Lammers, senior director of content for Advance Media New York, was among the panelists Oct. 16 as the New York State Bar Association Task Force on Free Expression in the Digital Age held a public forum on the access law at Syracuse University College of Law.
The task force was created earlier this year to see what the law and lawyers can do to the stem the crisis in local journalism, said Cynthia Arato, task force co-chair and a lawyer with Shapiro Arato Bach LLP. FOIL is just one of the areas the group will address through a series of events scheduled to conclude next spring.
From major overhauls to minor revisions, lawyers, journalists and open government advocates used the FOIL forum to suggest ways the existing system could be changed to improve the public’s access to information.
Some called for revisions that would clarify the existing law and expedite a process that can now drag on for months.
“I wouldn’t say [FOIL] is broken,” Mike Grygiel, a lawyer with Greenberg Traurig who specializes in open government litigation. “But it really isn’t operating the way it was intended.”

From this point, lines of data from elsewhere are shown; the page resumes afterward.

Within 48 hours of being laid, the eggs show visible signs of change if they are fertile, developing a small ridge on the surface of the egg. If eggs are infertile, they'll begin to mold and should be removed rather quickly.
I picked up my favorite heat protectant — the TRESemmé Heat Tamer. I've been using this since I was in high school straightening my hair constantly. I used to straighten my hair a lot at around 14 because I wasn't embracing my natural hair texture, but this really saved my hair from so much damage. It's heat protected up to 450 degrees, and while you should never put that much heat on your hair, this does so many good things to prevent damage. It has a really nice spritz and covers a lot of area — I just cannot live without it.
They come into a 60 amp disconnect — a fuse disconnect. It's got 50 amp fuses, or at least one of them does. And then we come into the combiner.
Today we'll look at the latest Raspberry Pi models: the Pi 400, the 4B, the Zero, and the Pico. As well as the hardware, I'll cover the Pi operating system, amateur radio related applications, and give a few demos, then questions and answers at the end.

The law’s existing procedures are unwieldy and unclear, he said. While the statute requires a government agency to acknowledge receipt of a FOIL request within five working days, for example, there is no timetable for actually receiving the information. That can lead to repeated delays that can stretch for months, delays especially problematic for journalists working on time-sensitive stories.

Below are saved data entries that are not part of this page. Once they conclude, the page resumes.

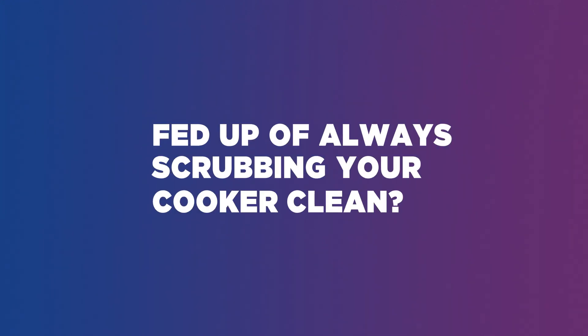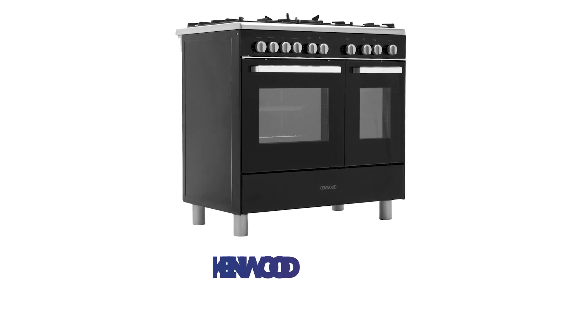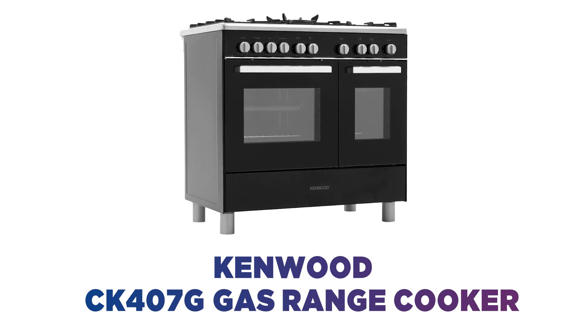Fed up of always scrubbing your cooker clean? Thanks to the enamel coating on this Kenwood range cooker, you can enjoy hassle-free cleaning.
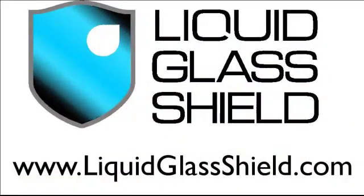So now you have a much better idea of what we mean by a protective coating when we're talking about Liquid Glass Shield. For more information, please go to our website at www.liquidglassshield.com.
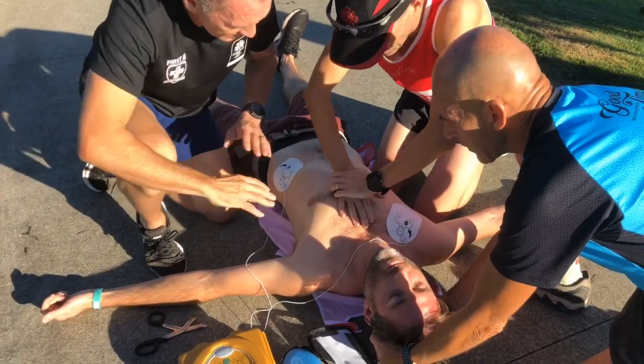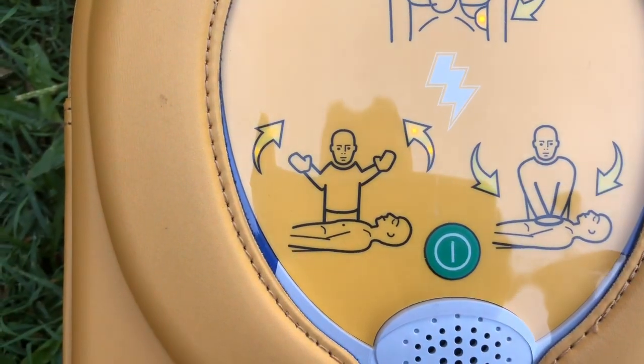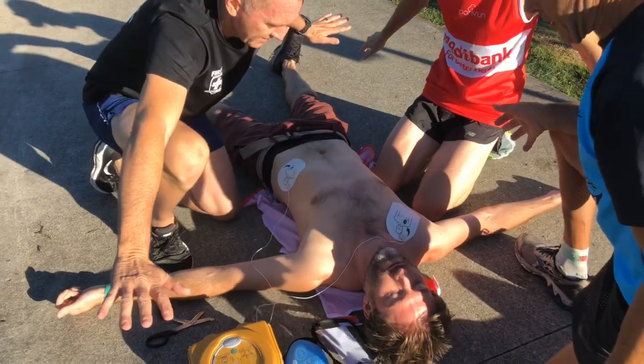The device will begin assessing the heart rhythm. Do not touch the patient while it is analyzing.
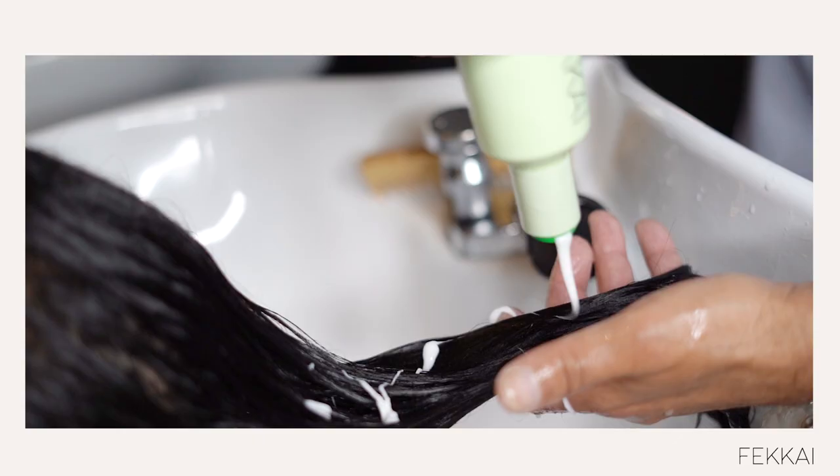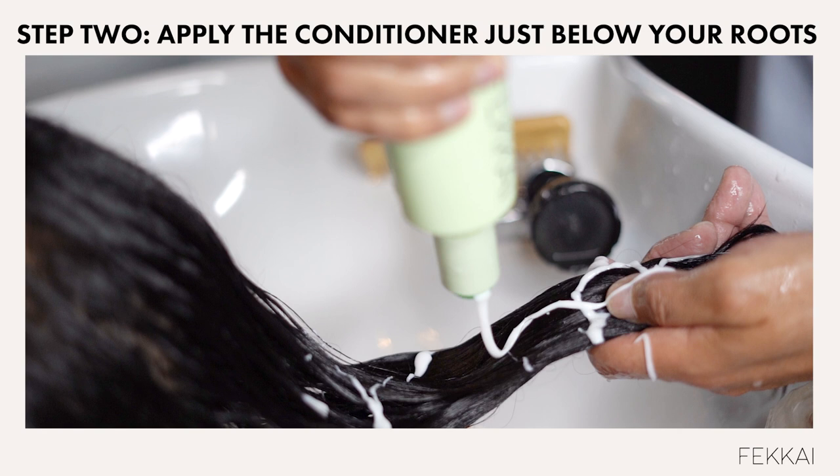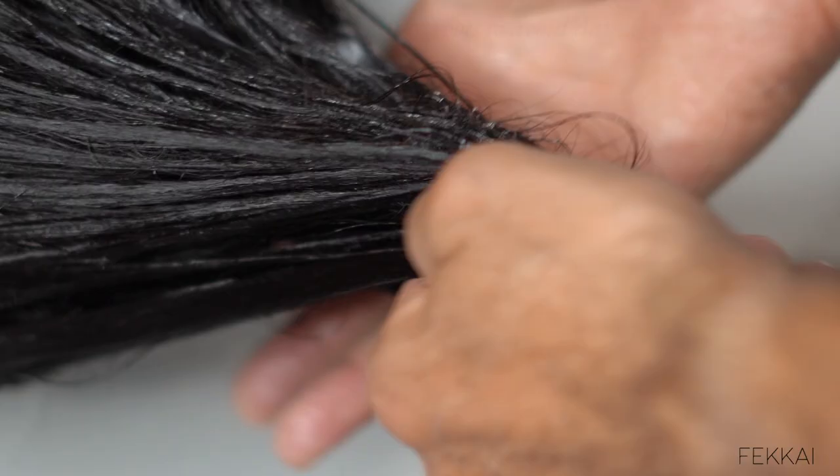It is very important to hold the hair — if you have long hair, almost like a tail — and apply the conditioner directly to the tail, avoiding the scalp. Then comb through with a little water to make sure it's sliding through.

Court challenges provide a recourse to delays and rejections, but that option is often too expensive for newspapers struggling to sustain a workforce. “It’s very difficult for [newspapers] to decide to commit to litigation when the cost can be more than the cost of a reporter’s annual salary,” Grygiel said.

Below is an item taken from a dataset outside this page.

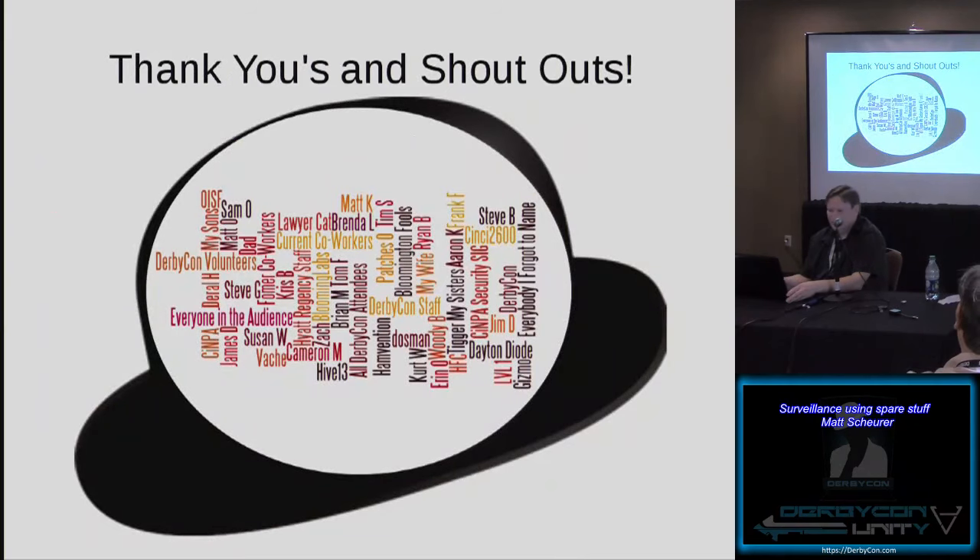That's really about all I have. A lot of people I want to thank for helping make this possible. We're running short on time, but I have time for maybe a question or two if anybody has any. Thank you everybody for attending. Enjoy the rest of the conference.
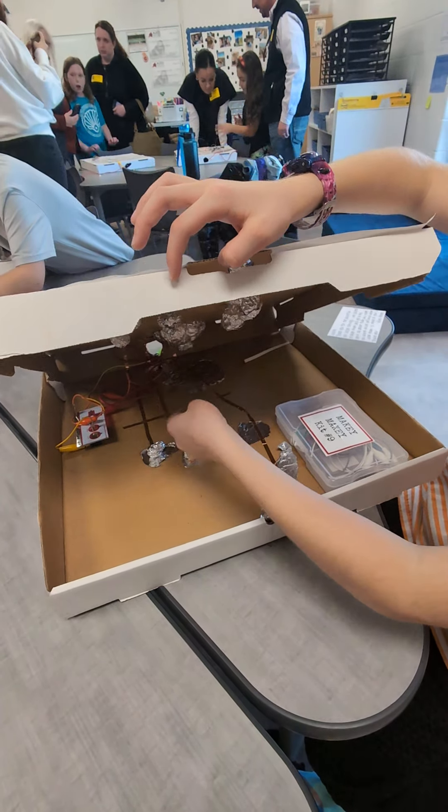Wow. Yeah, this is kind of how it works. And my sound is splashing.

Amendments to the law this year make it easier for papers to recoup legal costs if they win FOIL challenges but Grygiel noted that that kind of reimbursement almost never happens.
Jeremy Boyer, executive editor of the Auburn Citizen, said some government entities are well aware that financial limitations lessen the likelihood of a court challenge. “It’s like they’re daring us to spend money on lawyers,” he said.
Both Kristin O’Neill, assistant director of the state’s Committee on Open Government, and Kathryn Sheingold, who handles FOIL appeals in the Attorney General’s office, said the government’s public information officers are making good faith efforts to fulfill requests. The problem, O’Neill noted, is sometimes a matter of time for overwhelmed staff.
One suggested way to reduce that workload is to have more information readily available, bypassing the need to follow the formal FOIL process. Posting records such as meeting minutes and policy manuals online would reduce the number of formal requests officers would have to deal with, freeing up time to deal with other requests. But that kind of pro-active disclosure carries costs as well, O’Neill noted.
Reliable public access to important government information faces more expansive challenges. Governments, for example, are increasingly contracting with private companies for essential public services such as medical care in jails, leaving public access issues unresolved. And Lammers said there’s an increasing trend by judges to seal details of court settlements involving governmental entities, putting information the public has a right to know out of its reach.
Regular updates on the task force’s work, as well as recordings of its forums, are available at www.nysba.org.